INSTRUCTIONS FOR THE TASK — From the listing below, reproduce exactly the lines starting with the one with "Lake Jovita Golf" and going on through the one with "Opel Mokka 1.5 diesel * 2022 ultimate", both ends kept. No picture is copied.

RECORDS TO USE —
┏━━

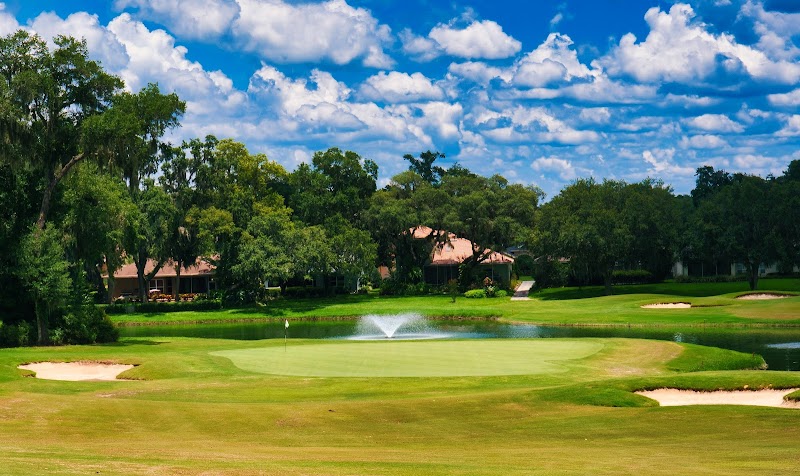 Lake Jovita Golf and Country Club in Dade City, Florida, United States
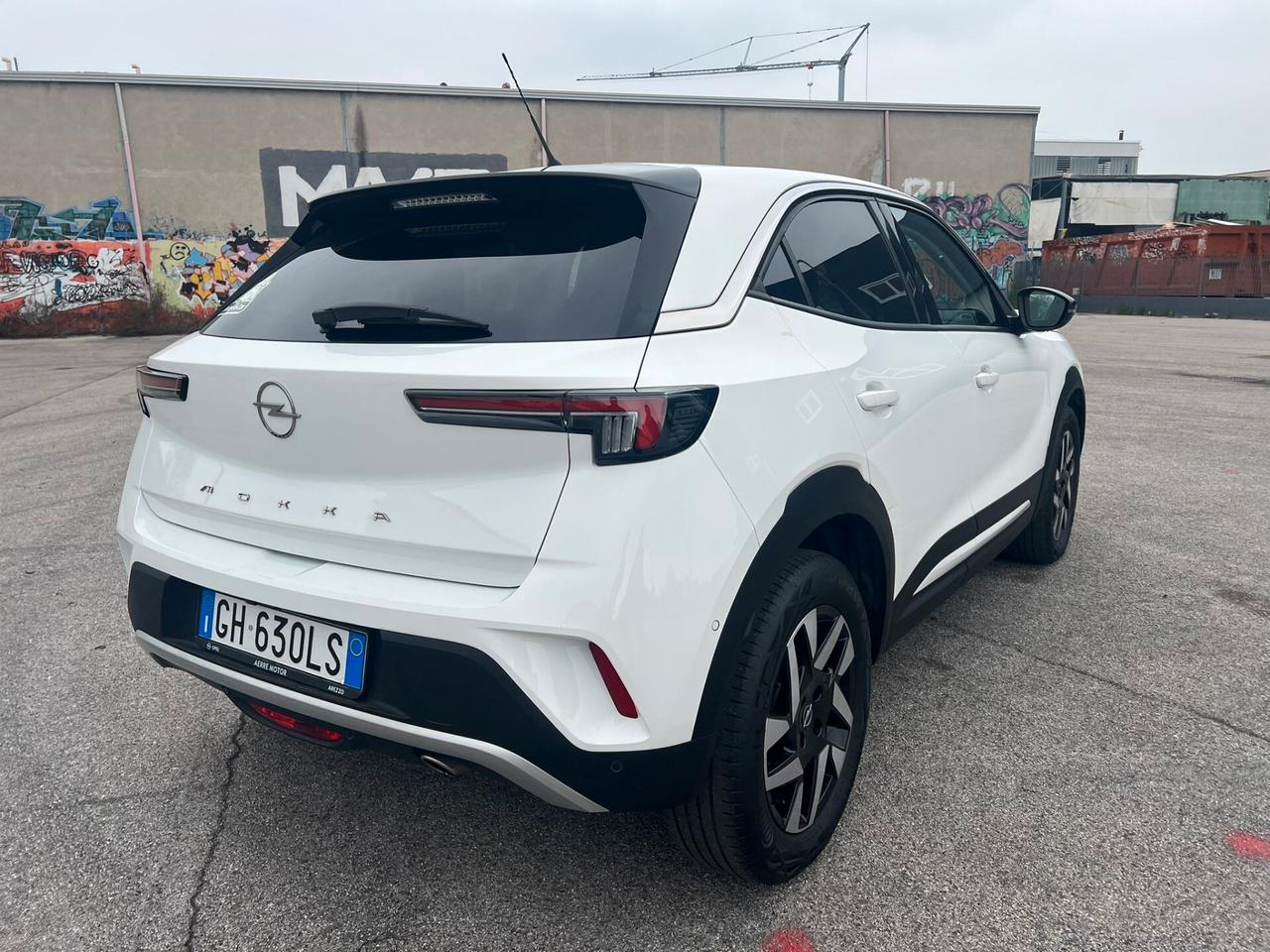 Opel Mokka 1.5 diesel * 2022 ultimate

┗━━
┏━━

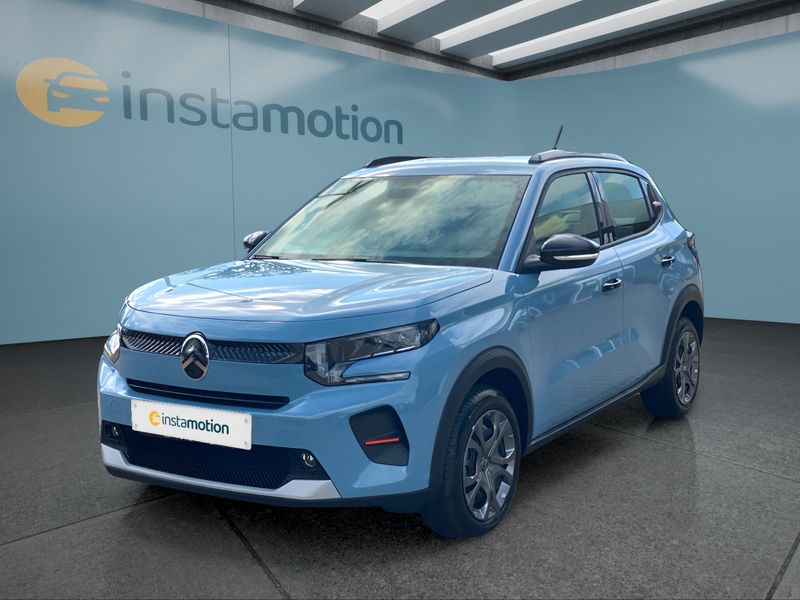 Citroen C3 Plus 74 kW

┗━━
┏━━

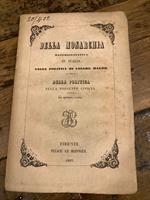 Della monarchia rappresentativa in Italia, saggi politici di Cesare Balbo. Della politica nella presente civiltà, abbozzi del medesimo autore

┗━━

RESULT OF THE TASK —
 Lake Jovita Golf and Country Club in Dade City, Florida, United States
 Opel Mokka 1.5 diesel * 2022 ultimate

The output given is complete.